Taking a look at Nonfiction for the next installment of our pre-National Book Awards coverage (and don't forget our poll), of the five NBA finalists this year, PW starred three and included two in our 2007 Best Books list (Brother, I’m Dying; Legacy of Ashes).

Great writing, provocative, and a bestseller. But despite the overwhelming popularity of Christopher Hitchens’ God Is Not Great: How Religion Poisons Everything (Twelve/HBG USA) it seems unlikely that the NBA will select a book that some critics felt perhaps missed the point. (“Barely disguised misanthropy” is what we said in our overall favorable, but not starred, review.)

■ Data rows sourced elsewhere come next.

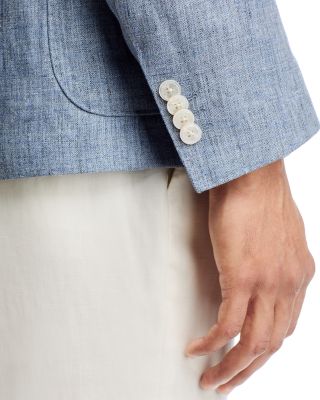 Hanry Linen Hopsack Unstructured Slim Fit Sport Coat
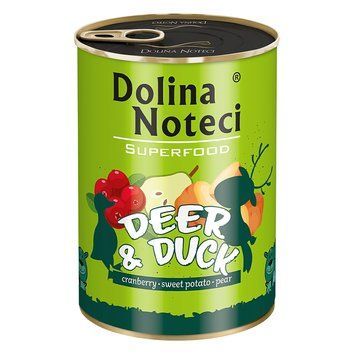 Консерва Dolina Noteci Superfood для cобак з олениною та качкою,400 гр DN 400 (626) фото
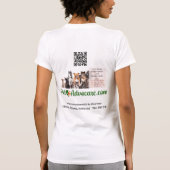 Solen5ia pawにノーと言うデザイン tシャツ (裏面)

Ralph Ellison: A Biography (Knopf) by Arnold Rampersad, author of Langston Hughes and Jackie Robinson bios, is an excellent portrait of the author of a single great American novel. This is a solid bio, but we felt (again, in our overall favorable though unstarred review) Rampersad left important questions unanswered.

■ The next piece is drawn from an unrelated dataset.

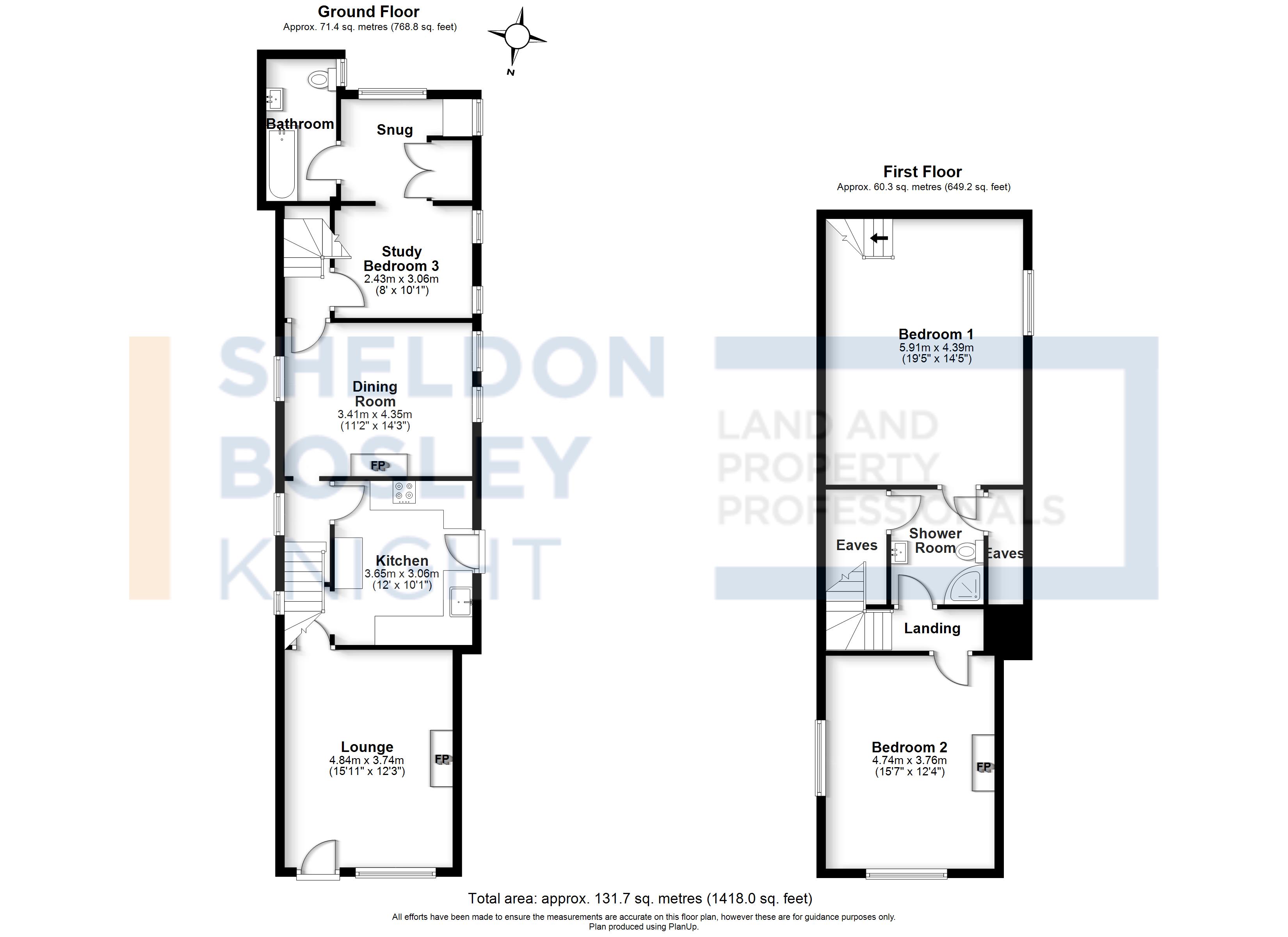 Floorplan, 3 bedroom semi detached cottage for sale, Oak House The Green, Evesham, WR11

Woody Holton’s Unruly Americans and the Origins of the Constitution (Hill and Wang/FSG) could be the sleeper winner, a democratic choice. A truly wonderful read (PW gave it a starred review) about the framers of the Constitution.

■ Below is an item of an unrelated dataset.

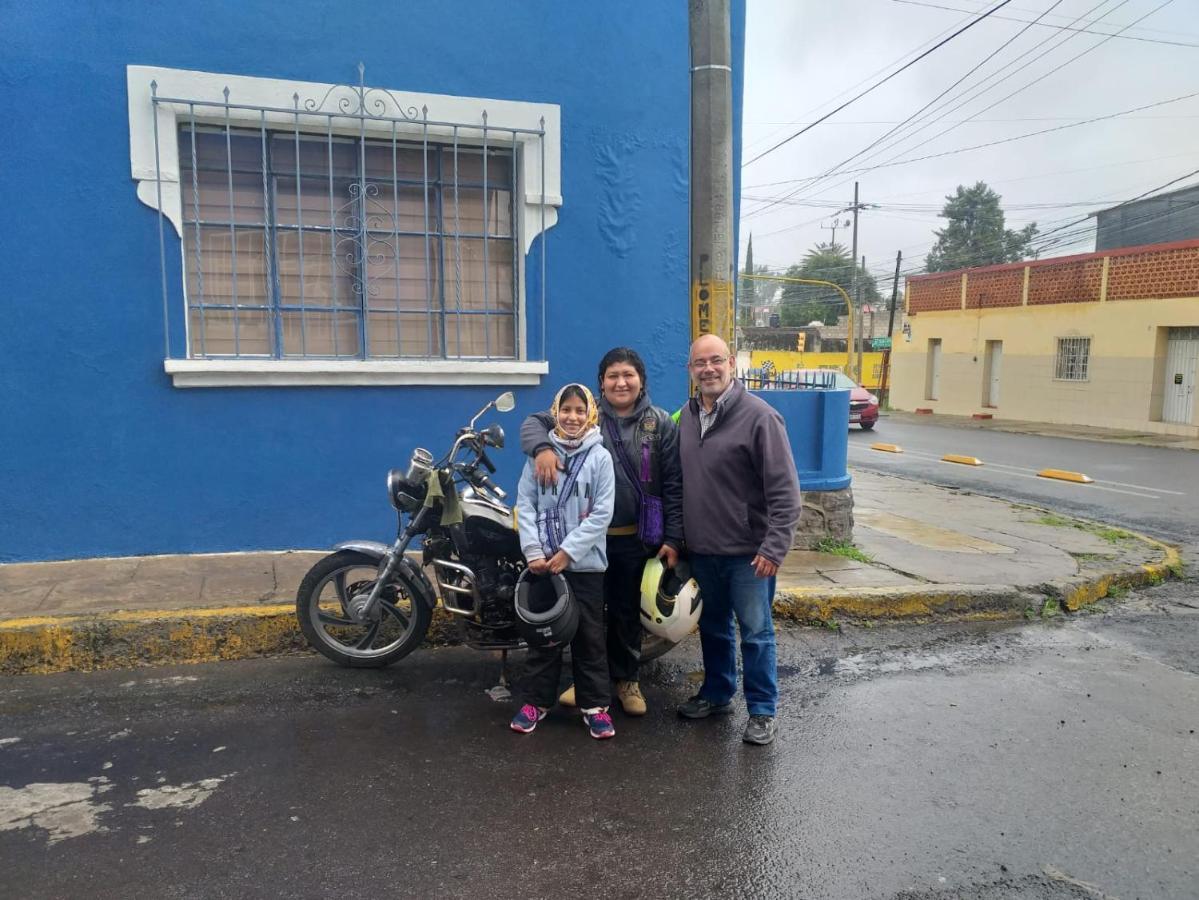 Hostal Azul Puebla Barrio El Alto מראה חיצוני תמונה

Legacy of Ashes: The History of the CIA (Doubleday) by Pulitzer Prize winner Tim Weiner is balanced, timely, and riveting—this bestselling history is a strong contender.

Brother, I'm Dying
(Knopf) by Edwidge Danticat is lyrical, topical and heartbreaking. Danticat was a 1995 NBA finalist in Fiction for Krik?Krak! The smart money says she’s taking home the award.